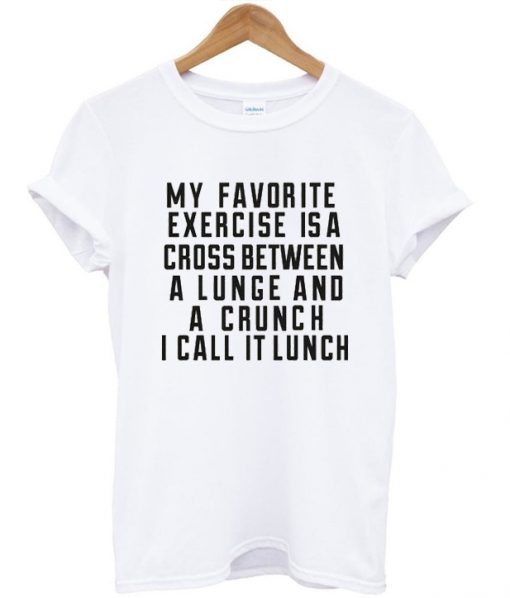 my favorite exercise is a cross between tshirt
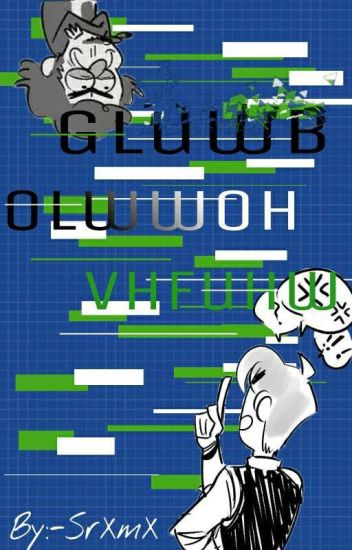 Gluwb Olwwoh Vhfuhw [one-shot] [code Masters]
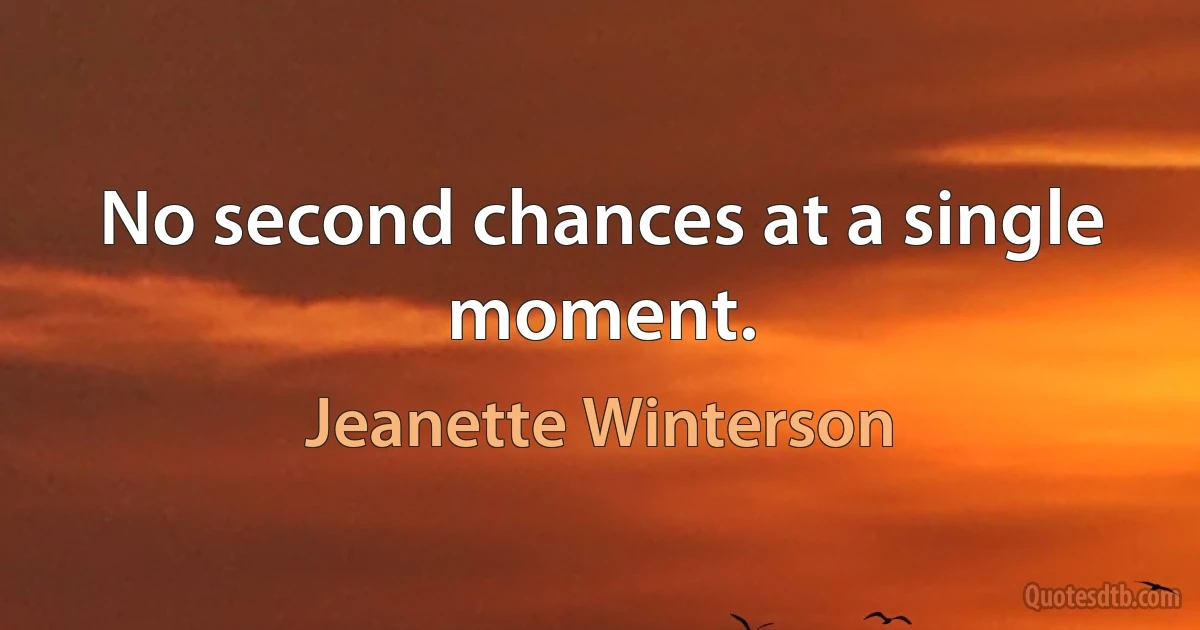 No second chances at a single moment. (Jeanette Winterson)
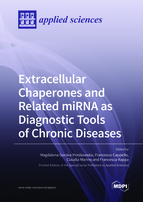 Special issue Extracellular Chaperones and Related miRNA as Diagnostic Tools of Chronic Diseases book cover image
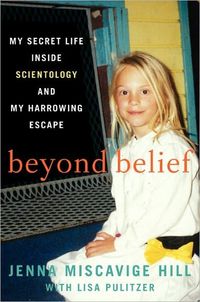 Beyond Belief by Jenna Miscavige Hill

Task goal. Without including the pictures, reproduce all entries exactly.

Solution for this problem.
 my favorite exercise is a cross between tshirt
 Gluwb Olwwoh Vhfuhw [one-shot] [code Masters]
 No second chances at a single moment. (Jeanette Winterson)
 Special issue Extracellular Chaperones and Related miRNA as Diagnostic Tools of Chronic Diseases book cover image
 Beyond Belief by Jenna Miscavige Hill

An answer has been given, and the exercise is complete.